Traders as ministers: the aestheticization of financial raiding
The great innovation of the 21st century is not fintech but the performative technocracy; individuals who learned in investment banks to simulate knowledge and turn lies into assets. In Too Big to FailAndrew Ross Sorkin (2009) portrays Jamie Dimon running to the Federal Reserve to save Wall Street. In Buenos Aires, the scene is repeated with less glamor and more YouTube spot; The local “Dimonitos” dress up as ministers and declare that the market loves them.
Their merit is not technical but aesthetic, they master the grammar of imposture. They present the adjustment as if it were an algorithm and the national delivery as if it were benchmarking. The “republic of traders” has replaced deliberation with the Excel spreadsheet and ethics with the spread.
Financial knowledge became office pseudoscience. When they announce that “there are no dollars,” they omit that they themselves sold them in the future to support the electoral exchange rate. According to estimates, the BCRA exceeded 7,000 million dollars sold in futures during October… That is to say; While there was talk of “help”, in the corridors of the city there were potential hypotheses: they would buy pesos and simultaneously backup with “helping hands” (future dollars). He carry trade most expensive in history.
From Wall Street to Balcarce 50: anatomy of a recycled dependency
The cycle is always the same. First, the banks create the problem: debt in hard currency, external deficit, flight.

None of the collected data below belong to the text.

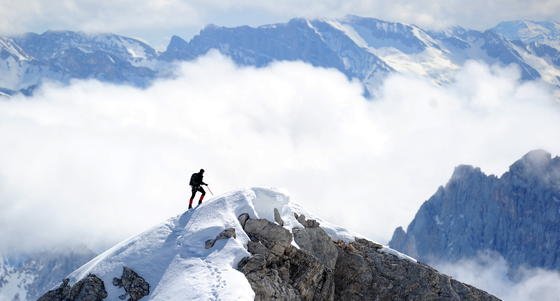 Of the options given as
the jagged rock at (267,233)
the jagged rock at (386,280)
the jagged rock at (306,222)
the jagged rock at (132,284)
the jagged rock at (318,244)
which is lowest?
the jagged rock at (386,280)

Then, they design the remedy: a stabilization program with impossible goals and infinite conditionalities. Finally, they charge for advice. JP Morgan perfected it in Latin America and institutionalized it in Argentina, where each crisis is celebrated as a “new beginning.”
Dimon, the self-proclaimed “man who knew too much” (Sorkin, 2009), visited Buenos Aires to bless the “new stage” and make it clear who is in charge. Under his leadership, the bank that received $25 billion from the TARP program (Troubled Asset Relief Program or Troubled Asset Relief Program – a euphemism) during the 2008 crisis now reappears as a moral guarantor of “macroeconomic rationality”. The miracle of capitalism is its ability to turn the rescued into a rescuer.

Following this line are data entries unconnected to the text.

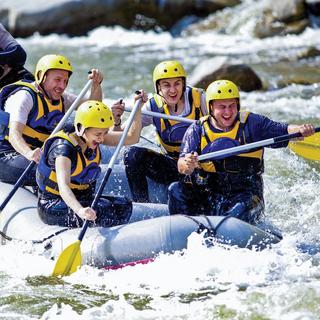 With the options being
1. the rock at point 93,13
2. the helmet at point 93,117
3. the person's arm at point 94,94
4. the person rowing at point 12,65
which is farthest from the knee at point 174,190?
the rock at point 93,13

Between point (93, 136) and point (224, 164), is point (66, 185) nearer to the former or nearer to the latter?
point (93, 136)

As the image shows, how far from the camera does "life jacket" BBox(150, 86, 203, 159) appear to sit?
7.98 meters

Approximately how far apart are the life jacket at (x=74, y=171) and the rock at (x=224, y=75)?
687 centimetres

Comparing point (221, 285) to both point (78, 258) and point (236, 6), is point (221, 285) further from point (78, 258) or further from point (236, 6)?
point (236, 6)

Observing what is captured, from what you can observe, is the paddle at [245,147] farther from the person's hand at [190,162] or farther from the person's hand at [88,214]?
the person's hand at [88,214]

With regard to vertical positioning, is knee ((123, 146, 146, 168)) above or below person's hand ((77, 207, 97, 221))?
above

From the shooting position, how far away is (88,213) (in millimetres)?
6395

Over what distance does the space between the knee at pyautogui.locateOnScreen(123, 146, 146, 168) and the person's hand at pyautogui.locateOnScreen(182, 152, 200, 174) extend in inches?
37.6

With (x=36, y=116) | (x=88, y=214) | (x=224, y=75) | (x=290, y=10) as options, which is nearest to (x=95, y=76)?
(x=36, y=116)

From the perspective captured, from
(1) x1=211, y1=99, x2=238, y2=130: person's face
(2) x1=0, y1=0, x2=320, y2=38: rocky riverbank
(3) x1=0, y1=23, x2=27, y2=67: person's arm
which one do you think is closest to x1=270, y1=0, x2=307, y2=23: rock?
(2) x1=0, y1=0, x2=320, y2=38: rocky riverbank

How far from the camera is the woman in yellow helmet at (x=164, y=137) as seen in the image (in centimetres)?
791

Argentine subordination is not the result of ignorance but of convenience. Former traders turned civil servants know the rules: the prize is belonging, especially if they have to leave. Libertarian ideology, in reality, is an instrument of global power: dismantling the State to open space for financial flows. The rest is storytelling.
The Argentine experiment, or how to fly through the air with elegance
Argentina has become the most recent experiment in financial engineering that disguises dependence as meritocracy. The current government functions as a subsidiary of Wall Street, with a boards mix of local economists and foreign advisors. If the accounts close, the credit continues; If not, the country explodes, and the statement will say that it was “due to excess populism.”
The final paradox is that, while the sovereignty of the market is proclaimed, the real decision is in the hands of a handful of traders and think tankers who don’t even pay taxes in the country. Argentina is today a hedge fund sovereign, administered by those who previously bet against it.
The immediate result is the mirage of stability; the final result, the destruction of democratic legitimacy. If the calculation fails – if the electoral experiment is not renewed – the task force he will retire and leave the nation exactly where he started; with the ruins of his own self-deception. And, of course, with a new report from JP Morgan explaining why “no one saw it coming.”
Director of the Esperanza Foundation and the consulting firm Hace.com.ar. Postgraduate professor at the University of Buenos Aires and private universities. He has a master’s degree in International Economic Policy, a doctorate in Political Science and is the author of six books.